Tesco sees limited Brexit disruption to Irish supplies

Tesco has experienced some disruption to supplies, particularly to the island of Ireland, since a post-Brexit trade deal with the European Union kicked in on January 1, its chief executive Ken Murphy said today.

“We have seen some limited disruption into the Republic of Ireland and into the north of Ireland, but we’re working very closely with government on both sides of the Irish Sea to smooth the flow of product,” Mr Murphy told reporters.

He said Tesco’s product availability in both markets “remains strong”. 

The disruption was limited to certain categories such as short shelf life ready meals, he said. 

Ken Murphy said he was confident Tesco would have the right measures in place to supply Northern Ireland after the end of a three month grace period on certain rules and regulations with the EU on March 31. 

He also said there had been “teething problems” with supply flows from continental Europe to the UK. 

“Inevitably there are bedding-in issues, teething issues, that you would expect with any new process that’s been set up at relatively short notice,” he said. 

“We’re working our way through those and we would hope over the coming weeks and months that we will end up with a much smoother flow of product,” he added.

Meanwhile, Tesco has today followed rivals in reporting buoyant Christmas trading, as pandemic restrictions meant people splashed out on celebrations at home. 

The group said UK like-for-like sales growth was 6.7% in its third quarter to November 28, accelerating to 8.1% in the six weeks to January 9.

“We delivered a record Christmas across all of our formats and channels,” said CEO Ken Murphy, who succeeded Dave Lewis in October. 

Tesco said that like-for-like sales over the 19-week period at its Irish operations grew by 12.1% with the strongest contribution from its large stores. That included a 12.7% increase in the six weeks to January 9.

It said its online grocery sales in Ireland surged by almost 70% as it increased capacity in response to record demand. 

Kari Daniels, Tesco Ireland CEO, said the company’s workers continue to rise to the challenge of Covid-19.

“I acknowledge their continued hard work, dedication and resilience,” Ms Daniel said.

“As has been the case throughout pandemic, we continue to work hard to protect the safety of colleagues and customers with extensive measures in place throughout our stores,” she added.

The Tesco Ireland boss that while there here has been a slight increase in demand in stores and online, the company continues to have good availability with plenty of stock to go around. 
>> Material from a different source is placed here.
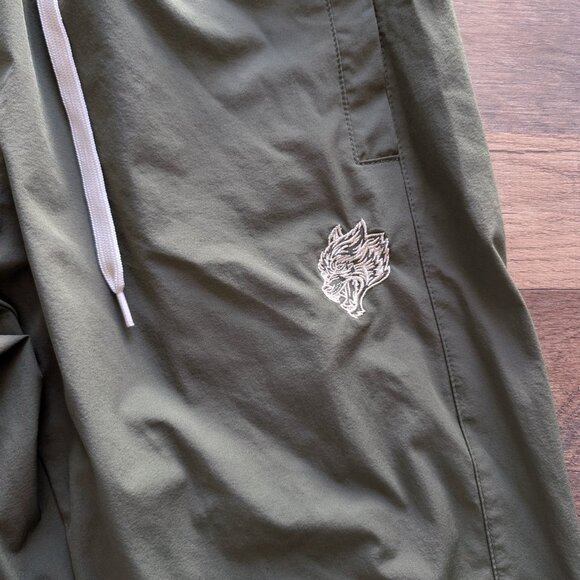 Darc Sport Wolves Club Pants  Medium Olive  Track Sweatpants Joggers Gym Active - Picture 4 of 6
“Owing to our extensive preparation, stock-building and collaboration with suppliers, our supply chain remains robust and is responding well,” Kari Daniels said. 

“We’ve worked extensively with our suppliers to minimise disruption, so we’d encourage our customers not to change their shopping habits at this time,” she added.

Tesco’s update today follows strong Christmas trading reports from its UK rivals Sainsbury’s, Morrisons and Lidl. 

Restrictions to contain the virus mean many people are working from home and the hospitality sector is closed.

Adding to the demand for food and drink, many people who normally travel abroad for Christmas had to stay at home. 

The company highlighted a 14% rise in sales of its premium ‘Finest’ range, with 69 million mince pies and 8 million bottles of champagne and sparkling wine sold. 

Tesco estimated additional Covid-19 costs would be £810m in its 2020-21 year, up from £725m forecast in October. 

But it still maintained its guidance for 2020-21 retail operating profit before exceptional items of “at least” the same level as 2019-20’s, excluding the repayment of £535m of business rates relief. 

Tesco also continues to expect to report a loss for Tesco Bank of between £175-200m for the year.

“Our focus on looking after our customers, including delivering record availability, robust safety measures and great value, has enabled us to maintain strong momentum through the Christmas period, outperforming the market every week,” Ken Murphy, the chief executive of Tesco, said. 

“We delivered a record Christmas across all of our formats and channels. In response to unprecedented demand for online groceries, colleagues delivered over seven million orders containing more than 400 million individual items over the Christmas period,” the new CEO said.

“We’re in great shape to keep delivering in 2021 and beyond,” he added.